Les tensions linguistiques, le Québec en a connu plusieurs depuis la Conquête britannique de 1763, mais celle qui a fait jaillir le plus de débordements est sûrement celle se rapportant au projet de loi 85 déposé le 9 décembre 1968 à l’Assemblée législative de Québec (qui deviendra l’Assemblée nationale le 31 décembre de la même année).
1. Rappel historique
Jusqu’à la Révolution Tranquille des années ‘60, les écoles québécoises étaient gérées selon deux systèmes d’appartenance, soit les écoles catholiques pour les francophones et les écoles protestantes pour les anglophones et les non-catholiques, peu importe leur langue. Pour les nationalistes québécois, cette situation était qualifiée d’anormale étant donné que les parents des enfants de l’immigration choisissaient en très forte majorité les écoles anglaises. Pourquoi en était-il ainsi? C’est que le niveau socioéconomique des anglophones étant supérieur à celui des francophones jusque dans les années ‘70, il était plus attrayant d’envoyer les enfants issus de l’immigration à l’école anglaise afin de profiter de ces avantages socioéconomiques.
2. Des affrontements et une crise sociale
Un affrontement se produisit en 1968 dans la ville de Saint-Léonard, au Nord de Montréal (elle fait partie de nos jours de la ville de Montréal) qui comptait plusieurs familles d’origine italienne (30% de la population) et catholique. Ces familles souhaitaient que leurs enfants fréquentent l’école anglaise de la ville afin d’améliorer leur sort socioéconomique. Le gouvernement dirigé par le chef de l’Union Nationale, Daniel Johnson s’en mêla, souhaitant présenter une loi qui tiendrait compte du caractère francophone du Québec. Il avait même souligné que le Québec devait être « aussi français que l’Ontario est anglais » !

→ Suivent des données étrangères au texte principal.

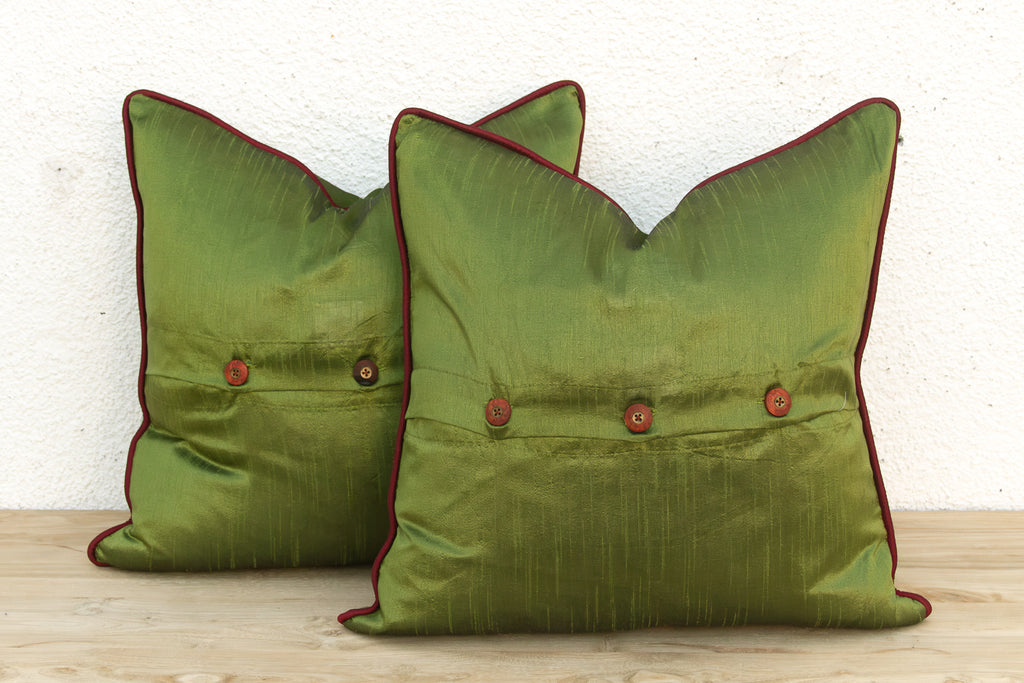 Pair of Morya Green Zardozi Pillows (Trade)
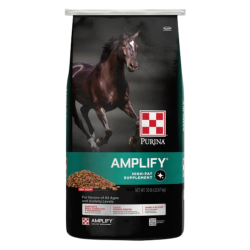 Purina Amplify High-Fat Horse Supplement. Colorful equine feed bag.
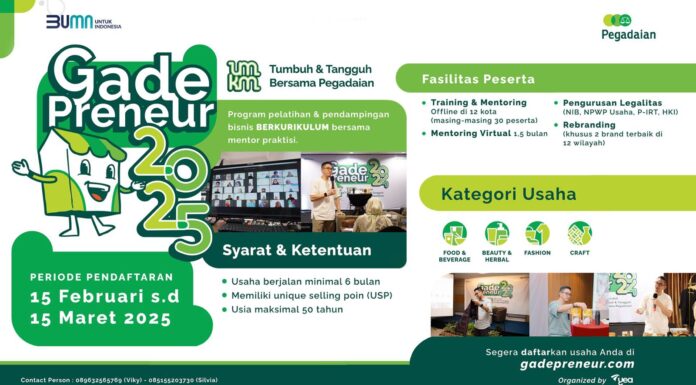 Calon Pebisnis Sukses Mari Merapat, Pegadaian GadePreneur 2025 Resmi Dibuka!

3. Manifestations de la Rue
Le 26 septembre 1968, Daniel Johnson décéda. Son successeur, Jean-Jacques Bertrand, moins combatif que son prédécesseur sur la question de la langue, tergiversa en proposant un projet de loi (85) qui garantirait le libre-choix de l’école française ou anglaise pour tous, en insistant qu’il fallait mettre en place des mécanismes afin que les anglophones puissent apprendre le français. Un tollé de protestations se fit entendre partout au Québec : 20 000 manifestants à Montréal, 50 000 au Parlement à Québec. Il faut comprendre que 85% de la population était francophone et comme les immigrants se tournaient vers les écoles anglaises, et si la tendance se maintenait, il s’ensuivrait un déclin démographique chez les francophones. La crise fit rage auprès des étudiants, des syndiqués et des mouvements nationalistes.

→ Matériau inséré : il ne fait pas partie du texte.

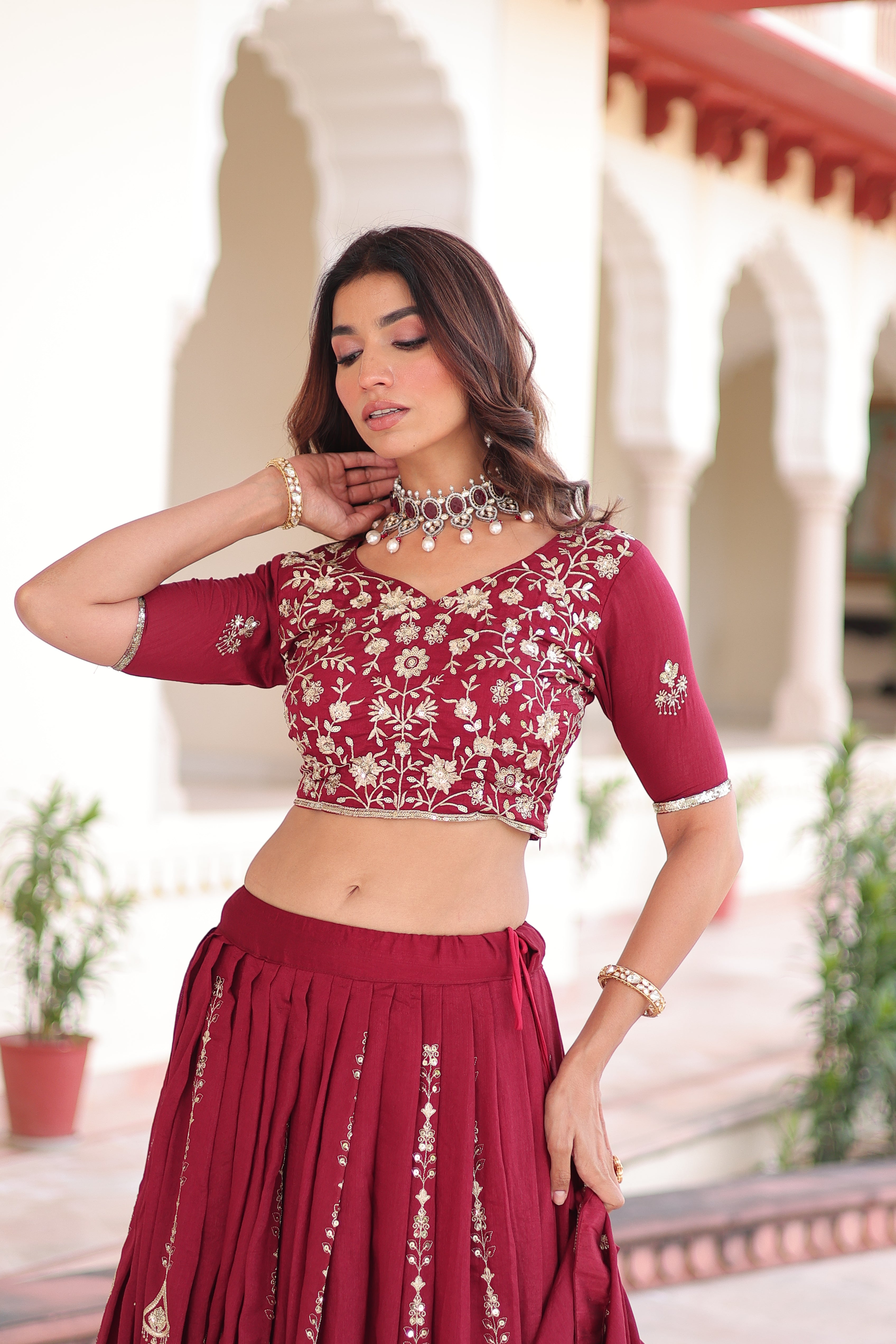 Rumi Maroon Color Vichitra Silk Heavy Sequins Thread Embroidery Lehenga Choli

Les Libéraux de Jean Lesage appuyèrent le projet de loi, mais des opposants quittèrent le parti dont Yves Michaud ainsi que quelques députés de l’Union Nationale. René Lévesque qui siégeait comme indépendant, s’opposa aussi au projet de loi qui même refondu par la loi 63, reprenait les grandes lignes du projet de loi 85. Les droits linguistiques de la minorité anglophone s’en trouvèrent-ils garantis grâce à ce projet de loi ainsi qu’à la loi 63 qui lui succéda. Il faudra attendre l’adoption de la loi 101 votée par le Parti Québécois en 1977 pour renforcer un peu plus les droits linguistiques des francophones tout en continuant à protéger ceux des anglophones nés au pays.
4. Une crise qui emporta l’Union Nationale
L’Union Nationale n’a pas survécu à cette crise, car lors des élections d’avril 1970, les Libéraux de Robert Bourassa l’emportèrent sur l’Union Nationale. Cette élection sonnait le glas pour ce parti fondé par Maurice Duplessis : les résultats illustrent la montée du nationalisme québécois car les Libéraux obtinrent 45% des voies avec 72 sièges, suivi de l’Union Nationale avec 19,6% et 17 sièges, le Ralliement créditiste avec 11% des voies et 12 sièges, et enfin le Parti Québécois obtenant 23% des voies et ne récoltant que 7 sièges. La vague péquiste se fit grandement sentir et allait profiter de cette crise linguistique.